Organizers and city officials could justifiably have spent the day high-fiving one another about the success of the camps.

D.C. isn’t wholly defined by its beefs. Turns out this is also a huge triathlon town. Chuck Brodsky, founder of the Nation’s Triathlon, says we’ve got the second-largest triathlon club in the country, with more than 10,000 members. (Austin, Texas, has the biggest.) In September, the 2008 Nation’s, a race Brodsky started just two years ago, will flaunt a field of more than 3,000.

The Nation’s Triathlon is an adults-only venture. But Brodsky approached the city after founding his race to push the concept that kids would take to triathletics if given the chance.

Brodsky says kids “7 or 8 years old” can withstand triathlon training and that he was so sold on his idea that he put up $25,000 of his own money to get the first triathlon camp going last year at Turkey Thicket, home of one of the city’s finest aquatic facilities. Brodsky’s foundation, AchieveDC, organized a group of sponsors to provide campers with everything they’d need to compete—including bikes, helmets, uniforms, and even designer water.

The city didn’t have to do much more than provide a venue.

“This is one of the partnerships that I love,” says Parks and Rec head Clark Ray, “because it costs the Department of Parks and Recreation absolutely nothing. Nothing! We have the space, and we’re looking for our great nonprofit partners to program at our space, and AchieveDC was right there last year.”

Thus was born what is billed as the first public youth triathlon camp in the country.

Ray says “more than 11,000” kids are enrolled at all city youth camps this summer, by far the largest enrollment ever. About 40 of them signed up for the triathlon camp this year, doubling the 2007 enrollment. That would be too many campers for Turkey Thicket.

Kenilworth-Parkside Rec Center had just added a state-of-the-art running track, the only public track not at a school, and already had a 25-meter pool, so Ray added a second triathlon camp and put it there.

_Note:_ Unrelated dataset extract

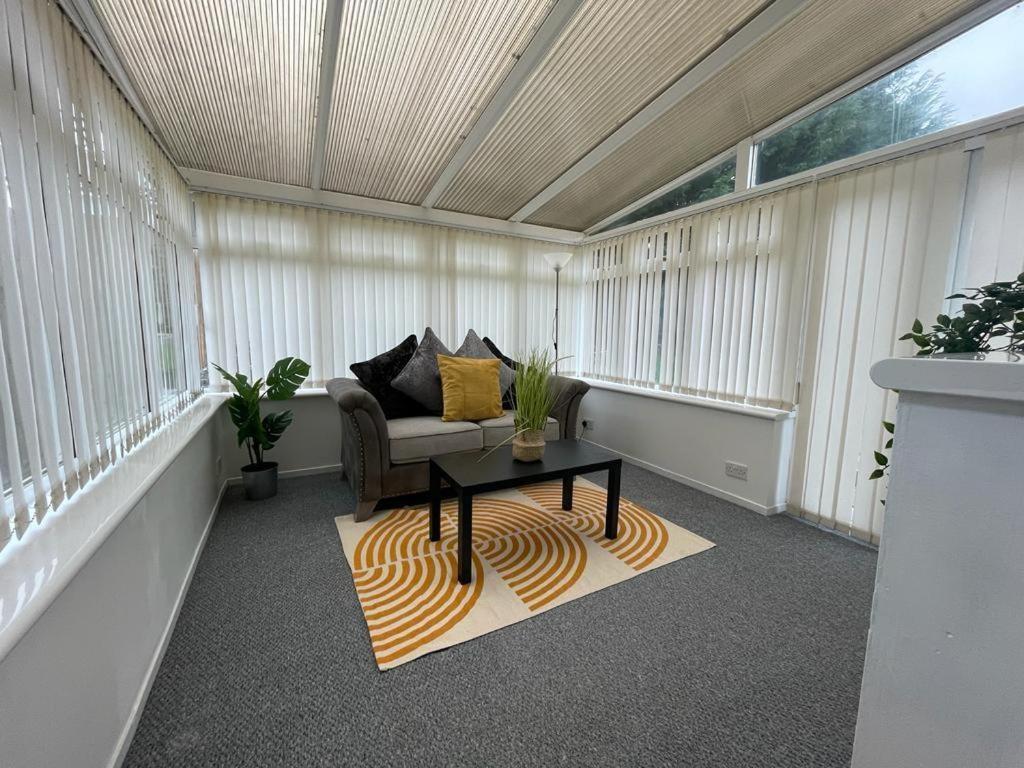Ferguson House Villa Airdrie Kültér fotó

Ray says the current tense climate in some city neighborhoods makes any sort of camp attractive to parents. But he said there’s more to his pushing the youth triathlon concept than just getting kids off the streets during the long, hot summer.

“It would be easy for us just to say, ‘Come off the street!’—to let DPR be a holding center or a babysitting service,” Ray says. “But this is far from that. This is about combining swimming, cycling, and running, giving the kids a chance to experience something that, more than likely, inner-city kids don’t get to experience, exposure to a new type of sporting event.”

Ray and Newlon both say that getting D.C. kids to swim well has been the biggest athletic challenge of the triathlon camps.

And the performances in the Kenilworth pool at the Kids Triathlon showed there’s still a long way to go: None of the competitors in the first of the three heats—the largest grouping in the event and the one stocked with the best athletes from both camps—finished the 100-yard swim without taking at least a few breaks.

One girl, later identified as a junior Olympics qualifier in track, merely ran through the water for all four laps in the 25-meter pool. Volunteers and family members nevertheless banged cowbells and shouted encouragement until she’d finished her aquatic jog.

But the kids’ competitive spirit was as obvious as any shortcomings in the pool. Despite temperatures in the 90s and the sort of humidity you’d expect in August, the kids pushed themselves like champs. When Christopher, an 11-year-old from the Turkey Thicket camp, finished his cross-country run and crossed the finish line first, Newlon was there waiting for him.

As the coach and other event officials jumped up and down around the winner and tried to hug him, the kid broke away from the celebration and threw up all over the track. Newlon couldn’t have looked prouder.